McKinnon then told how close he came to death - having been left with just a pint of blood before the surgery which saved his life. He said: “I had been at a business meeting in Edinburgh and as I left it was snowing outside. I can’t remember a thing about it.!

Dave Mackinnon during the Ladbrokes Championship match between Greenock Morton and Dunfermline (SNS Group)

"All I know is I slipped on and fell down 12 steps into a concrete lintel which went right into my brain and ruptured an artery. What I do know is that the ambulance service was unbelievable.

"Two ambulances arrived within five minutes and managed to subdue the bleeding. They got me to the Edinburgh Infirmary within minutes. That was lucky because I nearly bled out.

“And I was also lucky that there was a vascular surgeon at the hospital on that day who was able to operate on me when I only had one pint of blood left in my body. It’s all down to my good luck. I’ve been left with a scar on my brain and I’ve had to go through counselling because of it all but I know how lucky I am to be alive.

“It was close. The surgeon called it a near death experience. But others have not been as lucky as me.”

MacPhail has been told he is unlikely to walk again after suffering brain damage from his fall. The father of three and grandad of seven remains under constant medical supervision as his family attempt to raise enough money to make modifications to their own home.

They hope to get the construction work completed in time for MacPhail to spend Christmas at home. And McKinnon has joined together a string of big names to help out - including former Scotland boss Gordon Strachan, ex-Dundee chairman Peter Marr and the club’s legendary keeper Rab Douglas.

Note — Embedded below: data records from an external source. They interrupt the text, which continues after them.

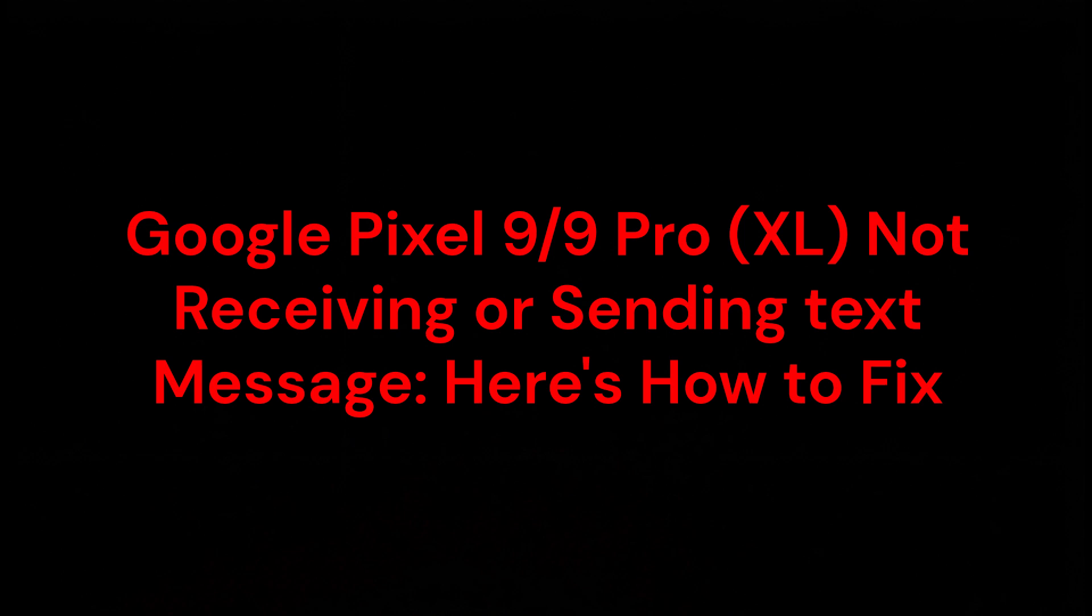Hey everyone, in this video you are going to learn about Google Pixel 9 or Google Pixel 9 Pro XL not receiving or sending text messages. Here's how to fix it.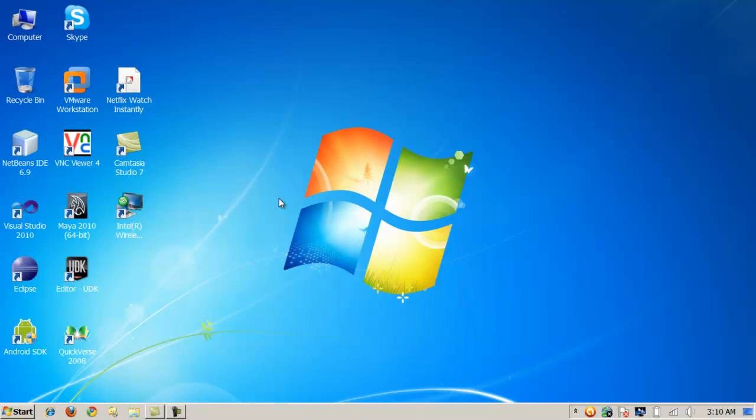I use it at work a lot. Basically I'll have partitions that are thawed where I store data files and projects and things I'm working on and they retain their changes, and then I'll keep the operating system partition frozen.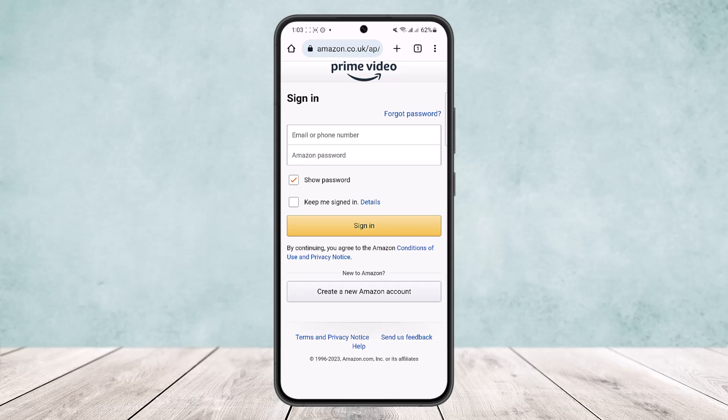Tap on the 'Change' option and enter the new address you'd like to associate with your account. This is how you can change your country in Amazon Prime Video.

McKinnon said: “We’re trying to raise funds for John and his family. He’s still in a hospice in Newcastle but the family want to get him home for Christmas.

“In order to do that, they need to modify the house to make it suitable for him to live in. John and I go back to our days together as very good friends at Dundee.

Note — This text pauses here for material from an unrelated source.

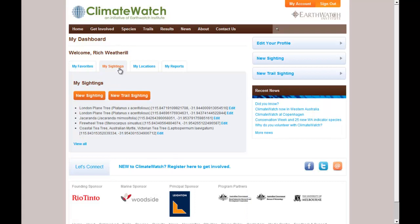From here, we can see the last few sightings you've made, and you can also click on the view all link to have a look at the entire list, where you can filter by date and even by trail. But we're just going to edit one of my recent sightings today.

“I transferred to Dundee from Arsenal. John and Gordon Strachan made me feel welcome from the start. The three of us played golf together and John played off scratch. He was just one of these guys who was talented at everything.

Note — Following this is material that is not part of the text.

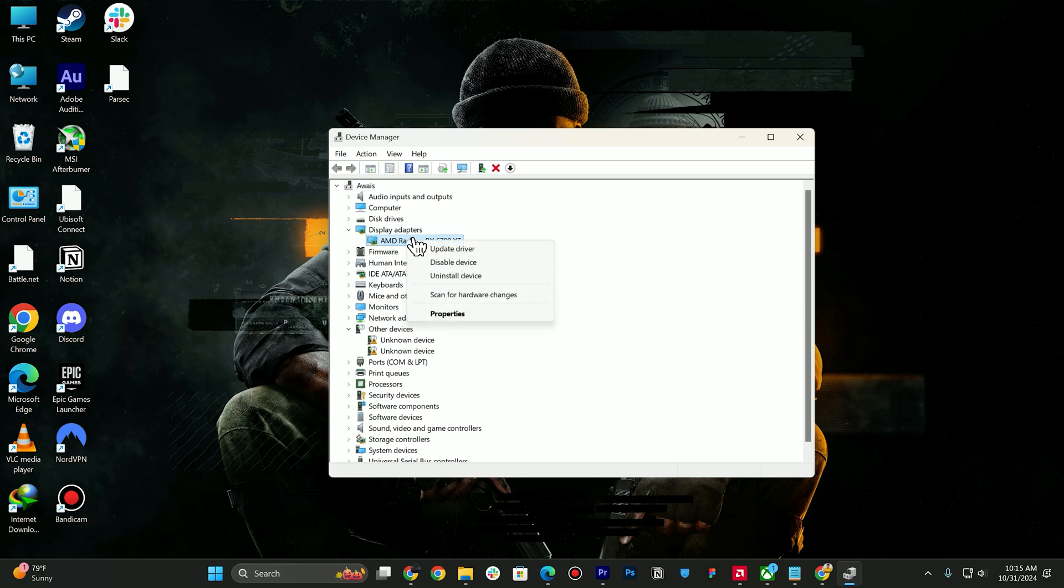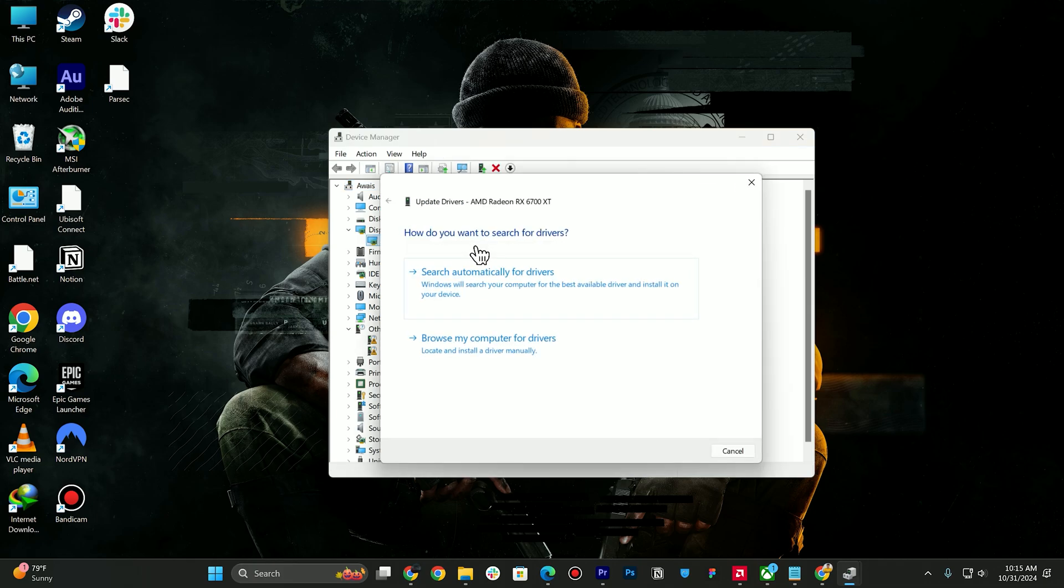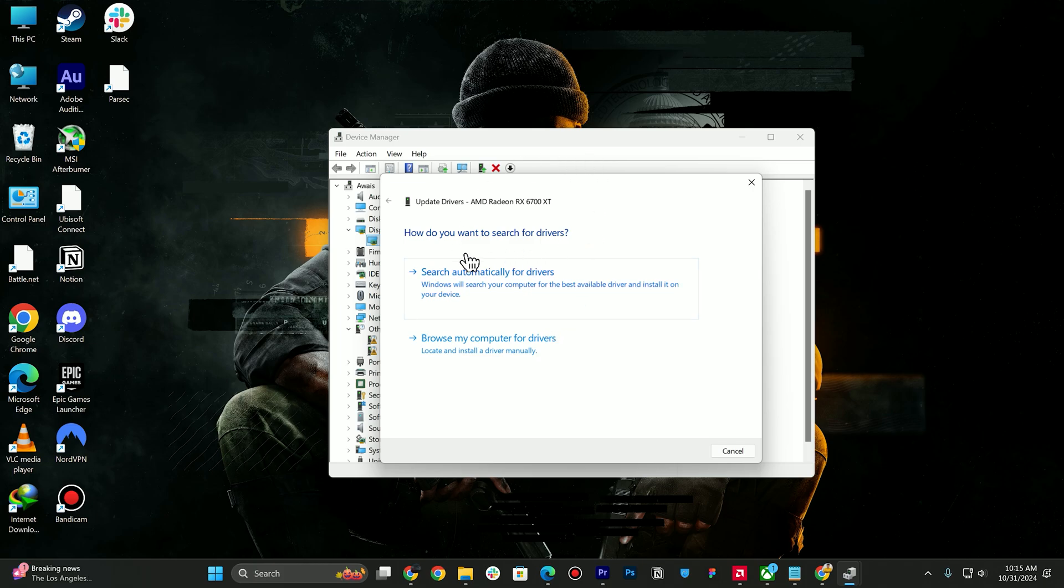The main problem for DirectX is always an outdated driver, so make sure to install the up-to-date driver for your graphics card. If you prefer downloading manually, you can click on Browse my computer for drivers.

“In fact, when I was introduced to him at first they called him Big Lazlo after a Hungarian table tennis champion of that time. There was a table in one of the lounges at Dens Park and I thought I was a bit of a player. But John came out and wiped the floor with me and everyone else. He grannied everybody.

“That summed him up. He was brilliant at golf, brilliant at table tennis, a great football player and a wonderful big, handsome guy. So what he and his family are going through now is just absolutely heartbreaking.

“And that’s why we are doing what we can to help. Gordon Strachan is helping out as are Peter Marr and big Rab. We just want to do what we can to help organise something for such a lovely, genuine man.”